____ DATA RECORDS
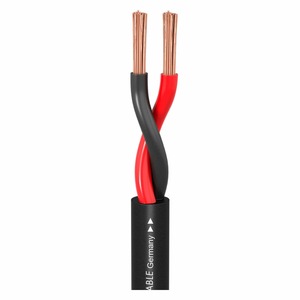 Акустический кабель Sommer Cable 440-0051FC Meridian Install SP240 CPR-Version FRNC Black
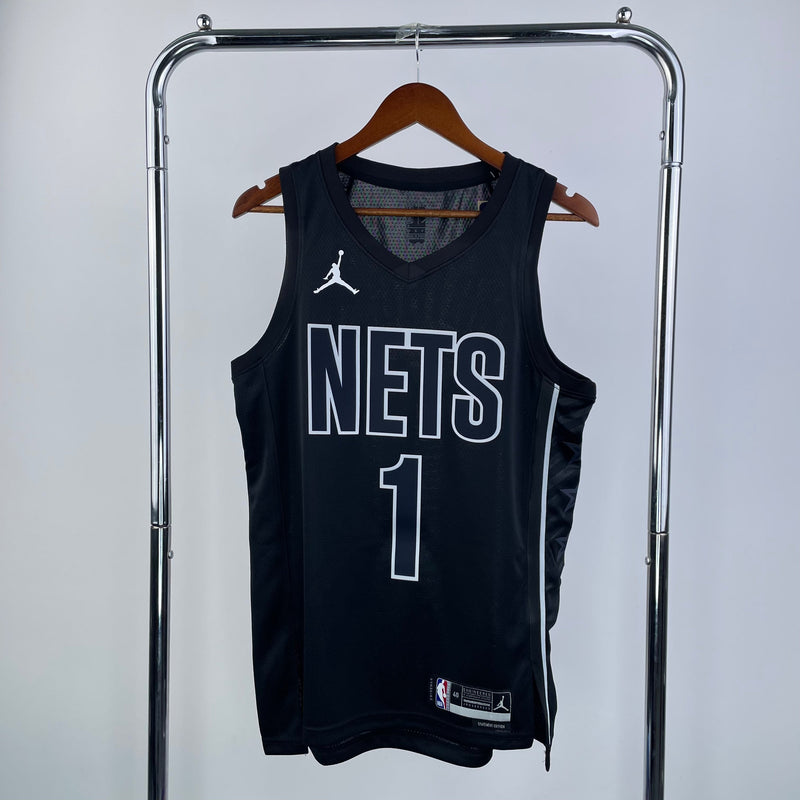 Débardeur Mikal Bridges Brooklyn Nets 22/23 Statement Edition 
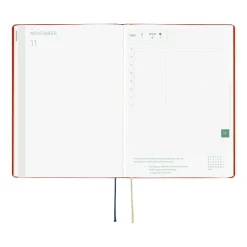 Hobonichi | Agenda Hobonichi HON A5 Yumi Kitagishi: White Cat and Rabbit’s Tea Room 2027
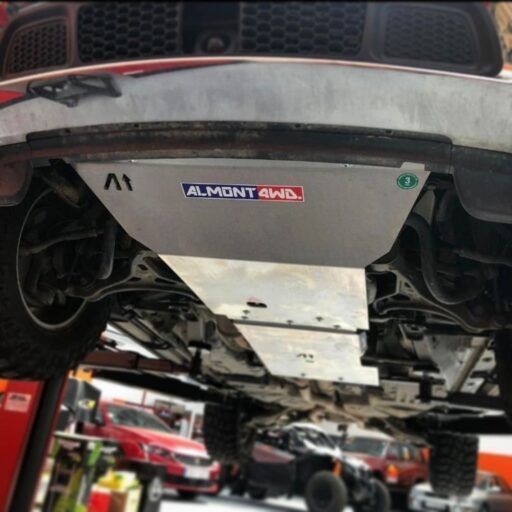 Protección Frontal Jeep Grand Cherokee WK2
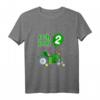 Kinder Traktor Trecker Ich Bin Zwei 2. Geburtstag T-Shirt für Mädchen und Jungen – Perfektes Geburtstagsoutfit für Zweijährige, die Traktoren lieben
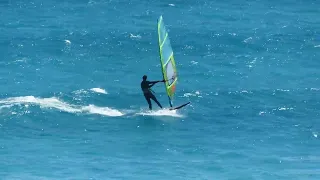 Windsurfing: Cape Point, South Africa - 10/02/2023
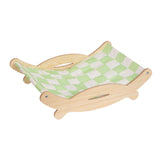 Maxbell Cat Bed Cooling Supplies Ergonomic Sleeping Pet Couch for Indoor Puppy Bunny L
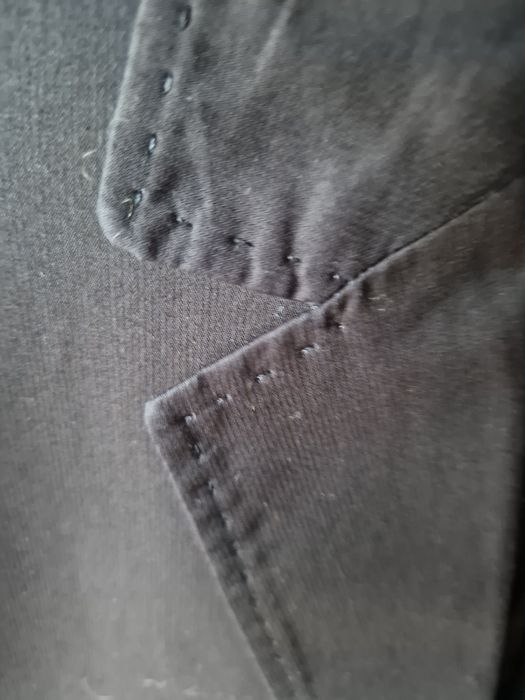 Blazer 52 Preto 100% Algodão Slim fit Antonio Miró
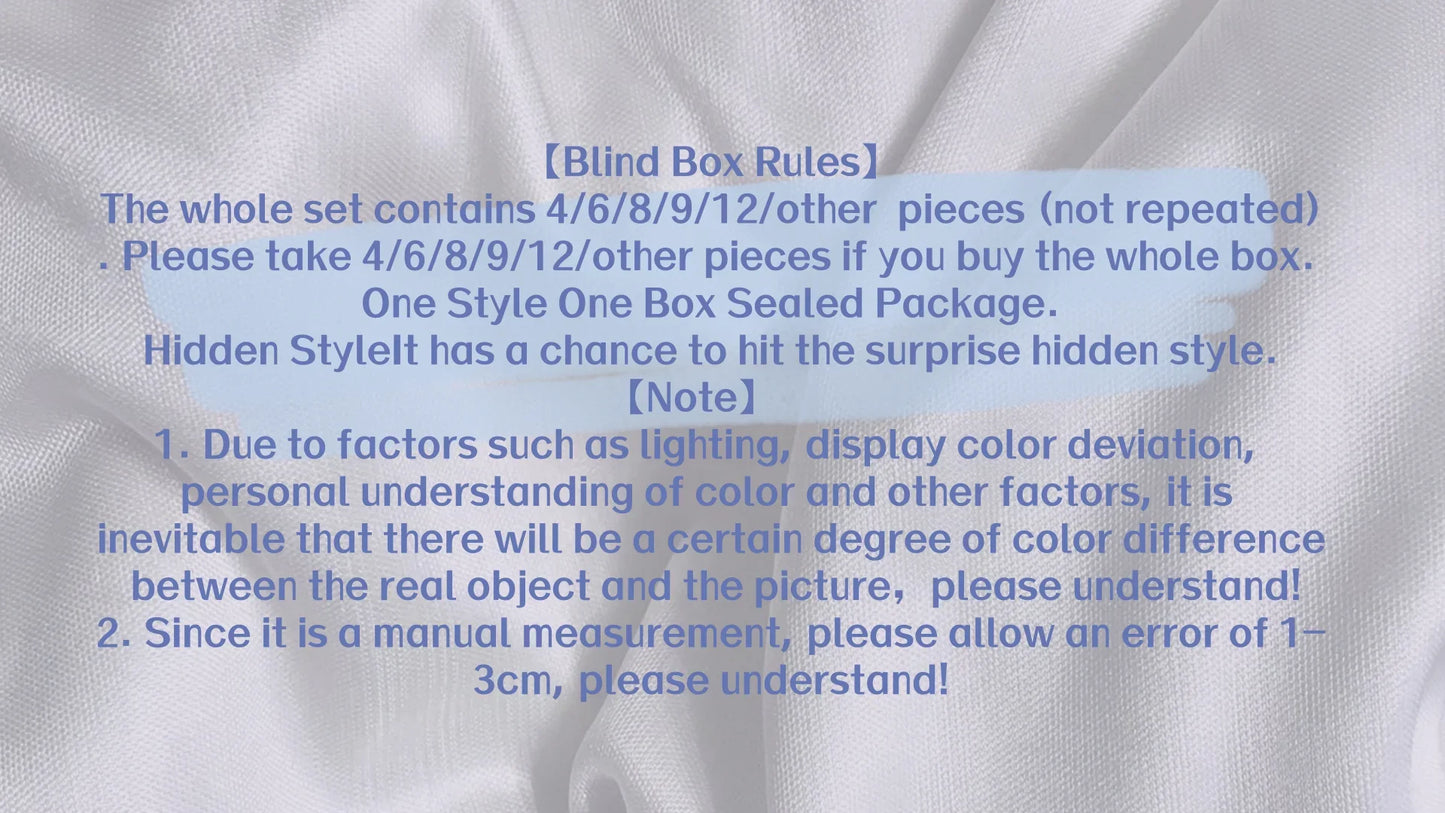 🎀 LUMIYON – Éveil de Douceur : La Boîte Surprise à Collectionner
________
Take the line containing "Débardeur Mikal Bridges" as the first and the last line of the records as the end. Print every line in that span exactly, leaving out pictures.

 Débardeur Mikal Bridges Brooklyn Nets 22/23 Statement Edition 
 Hobonichi | Agenda Hobonichi HON A5 Yumi Kitagishi: White Cat and Rabbit’s Tea Room 2027
 Protección Frontal Jeep Grand Cherokee WK2
 Kinder Traktor Trecker Ich Bin Zwei 2. Geburtstag T-Shirt für Mädchen und Jungen – Perfektes Geburtstagsoutfit für Zweijährige, die Traktoren lieben
 Windsurfing: Cape Point, South Africa - 10/02/2023
 Maxbell Cat Bed Cooling Supplies Ergonomic Sleeping Pet Couch for Indoor Puppy Bunny L
 Blazer 52 Preto 100% Algodão Slim fit Antonio Miró
 🎀 LUMIYON – Éveil de Douceur : La Boîte Surprise à Collectionner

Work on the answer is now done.